> EXERCISE REQUIREMENTS: Below is some data. Retype exactly the lines starting at the one with "a living room" and ending at the one with "Kyaw Naing, a".

==== DATA IN THIS EXERCISE ====

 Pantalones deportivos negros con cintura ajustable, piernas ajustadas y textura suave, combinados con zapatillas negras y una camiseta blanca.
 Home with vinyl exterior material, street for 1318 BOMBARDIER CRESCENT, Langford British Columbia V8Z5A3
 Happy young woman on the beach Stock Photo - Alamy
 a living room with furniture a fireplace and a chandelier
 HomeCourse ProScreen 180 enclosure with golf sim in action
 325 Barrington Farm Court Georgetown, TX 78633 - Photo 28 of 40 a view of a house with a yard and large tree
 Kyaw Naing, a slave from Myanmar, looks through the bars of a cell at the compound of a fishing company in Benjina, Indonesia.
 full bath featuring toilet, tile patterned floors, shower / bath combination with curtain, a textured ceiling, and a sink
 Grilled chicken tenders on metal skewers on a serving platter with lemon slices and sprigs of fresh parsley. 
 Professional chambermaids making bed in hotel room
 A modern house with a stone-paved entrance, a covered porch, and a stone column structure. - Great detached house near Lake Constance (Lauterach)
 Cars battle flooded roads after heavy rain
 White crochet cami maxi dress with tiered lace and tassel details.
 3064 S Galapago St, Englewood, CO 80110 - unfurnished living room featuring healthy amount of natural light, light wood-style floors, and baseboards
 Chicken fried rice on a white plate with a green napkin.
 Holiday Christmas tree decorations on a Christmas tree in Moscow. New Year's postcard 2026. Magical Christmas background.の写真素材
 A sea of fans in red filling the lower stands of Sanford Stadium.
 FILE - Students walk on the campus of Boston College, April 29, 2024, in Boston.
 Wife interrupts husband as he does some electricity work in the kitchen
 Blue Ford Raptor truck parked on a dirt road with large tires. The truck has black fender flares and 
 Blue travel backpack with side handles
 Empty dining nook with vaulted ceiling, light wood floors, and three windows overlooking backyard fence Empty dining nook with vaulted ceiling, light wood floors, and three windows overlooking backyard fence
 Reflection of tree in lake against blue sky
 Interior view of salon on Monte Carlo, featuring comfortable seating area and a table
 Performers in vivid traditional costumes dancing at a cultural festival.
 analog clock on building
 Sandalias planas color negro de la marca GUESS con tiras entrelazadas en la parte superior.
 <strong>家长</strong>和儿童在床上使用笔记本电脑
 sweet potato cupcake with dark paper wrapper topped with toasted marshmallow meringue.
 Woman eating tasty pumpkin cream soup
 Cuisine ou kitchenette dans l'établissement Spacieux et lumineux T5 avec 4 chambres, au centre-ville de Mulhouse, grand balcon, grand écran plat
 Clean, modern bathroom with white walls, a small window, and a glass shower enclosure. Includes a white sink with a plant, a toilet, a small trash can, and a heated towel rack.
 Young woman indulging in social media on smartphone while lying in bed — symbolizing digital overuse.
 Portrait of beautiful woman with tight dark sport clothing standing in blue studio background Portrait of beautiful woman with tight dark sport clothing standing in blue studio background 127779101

====

> ANSWER TO THE PROBLEM:
 a living room with furniture a fireplace and a chandelier
 HomeCourse ProScreen 180 enclosure with golf sim in action
 325 Barrington Farm Court Georgetown, TX 78633 - Photo 28 of 40 a view of a house with a yard and large tree
 Kyaw Naing, a slave from Myanmar, looks through the bars of a cell at the compound of a fishing company in Benjina, Indonesia.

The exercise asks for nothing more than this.